There isn’t one specific area where Smith-Njigba feels like he has to get better more than any other, but he still believes he has room for improvement in every area. He says he goes into every offseason trying to get bigger, faster and stronger, and that hasn’t changed in his third offseason in Columbus.

“My mindset is I want to get better at everything I did last season,” Smith-Njigba said. “Just tweak it, level up just one or two notches.”

He may need to be better if he’s going to put up monster numbers like he did last season. Now that Chris Olave and Garrett Wilson are pursuing NFL careers, Smith-Njigba will certainly draw the attention of every defense, which will likely mean more double-teams coming his way as opponents game plan to try to stop him.

Smith-Njigba won’t be surprised if defenses make a concerted effort to try to limit his touches.

“Honestly, yeah, I would expect that,” Smith-Njigba said.

Of course, Smith-Njigba has already proven he can dominate a defense without Olave and Wilson after both of them opted out of the Rose Bowl. The Buckeyes still have plenty of other talented offensive weapons who opposing defenses will have to account for this year, and even if opponents do try to take Smith-Njigba out of the game, his coaches expect him to find ways to make plays anyway.

“At the end of the day, (Ryan Day) and (Brian Hartline) will do everything we can to figure out a way, because that dude's got a way of getting open, too,” offensive coordinator Kevin Wilson said last week. “So it ain't like we're just gonna say, ‘Okay.’ We'll try our darndest. He's pretty good.”
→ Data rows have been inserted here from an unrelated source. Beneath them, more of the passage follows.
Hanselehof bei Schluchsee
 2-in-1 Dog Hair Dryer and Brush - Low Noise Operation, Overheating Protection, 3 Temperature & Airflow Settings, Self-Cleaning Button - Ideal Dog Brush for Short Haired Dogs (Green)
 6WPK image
Ohio State’s offensive coaches are likely to utilize Smith-Njigba in different ways than they did last year to keep opposing defenses on their toes, and one way they could do that is by moving him outside more frequently than they did in 2021, when he played primarily in the slot. Smith-Njigba still expects to line up inside on most plays in 2022, but he is looking forward to the opportunity to get more snaps as an outside receiver, as well.

“I'm definitely excited to get on the outside and get some one-on-one opportunities, hopefully, with some corners. I feel like that's a piece of my game that I'm ready to show also this year,” Smith-Njigba said. “I'm just ready to showcase that I can do that at an elite level, too.”
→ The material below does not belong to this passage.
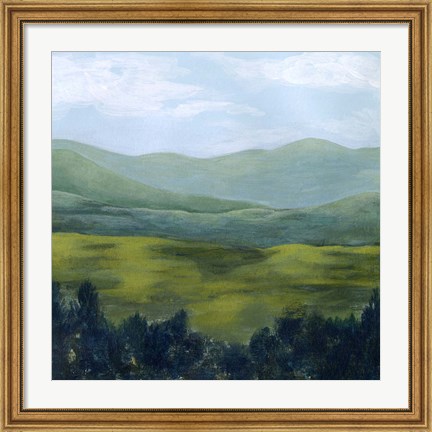 Framed Open Valley I Print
Smith-Njigba said he has been talking to Day and Hartline about different ways they could use him this season and that they have given him more input, as well as C.J. Stroud, on what Ohio State will do offensively. Ultimately, though, Smith-Njigba trusts the coaches to draw up plays that will put him in positions to continue to succeed, whether that means continuing to play mostly in the slot, lining up outside more or even coming out of the backfield.
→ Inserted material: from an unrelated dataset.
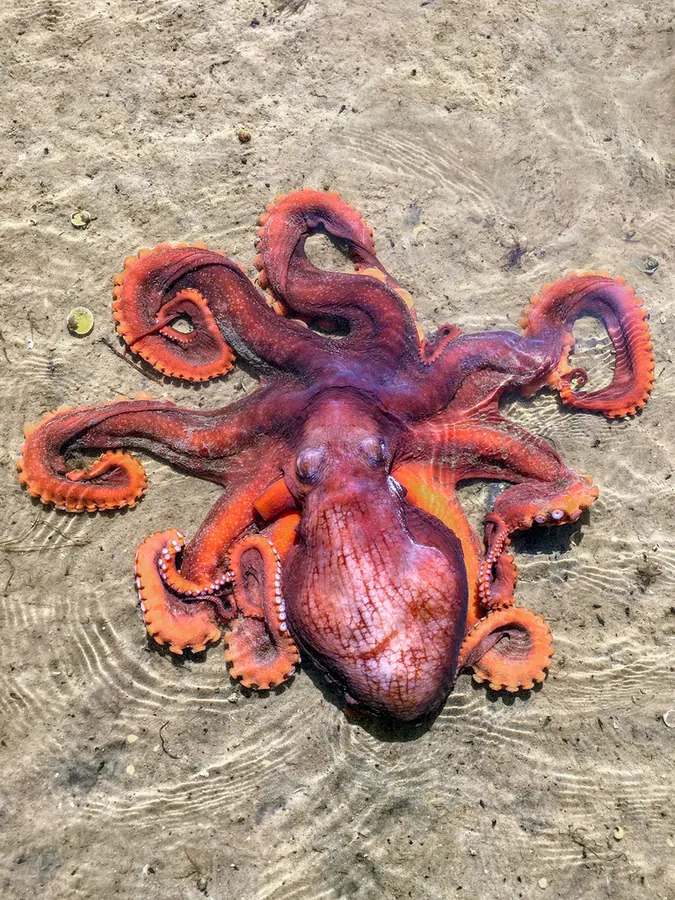 鬼头鱼现代生物参考照片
“We just have great offensive people around us that just try to put me in great situations where I can use my best stuff, my best ability to make people miss,” Smith-Njigba said. “I feel like they're gonna use me real well like they did last year, and definitely try to get the ball in my hands to help the team, for sure.”

“I'm not where I want to be. I feel like my ceiling is way higher. I feel like I can get way better in all aspects of the game.”– Jaxon Smith-Njigba

While Smith-Njigba wants to continue to improve individually, he says his biggest goal for the 2022 season is to win a national championship, so he’s prepared to do whatever the Buckeyes need him to do to help them achieve that goal.

“My number one goal is to win the national championship, and for me to do that, I'm going to have to step up even more,” Smith-Njigba said. “So that's my challenge to me is how can I step up even more, be a leader to these young guys and see if we can make a run at the natty this year, for sure.”

Smith-Njigba says he’s trying to be more vocal this year and help the younger receivers elevate their games, too, and Marvin Harrison Jr. is among those younger receivers who have taken notice of his leadership.

“He wants to be the guy that's gonna lead the receiver room and things like that,” Harrison said. “So Jaxon, he's locked in, he's coming back and training with me, Emeka (Egbuka), we’re throwing with C.J. and Kyle (McCord), we're all getting extra work in, so, I mean, he's leading for sure.

“He's put so much pressure on himself and he's motivated more than anybody here, probably. So I mean, Jaxon, he's a great player. He's gonna continue to do great things.”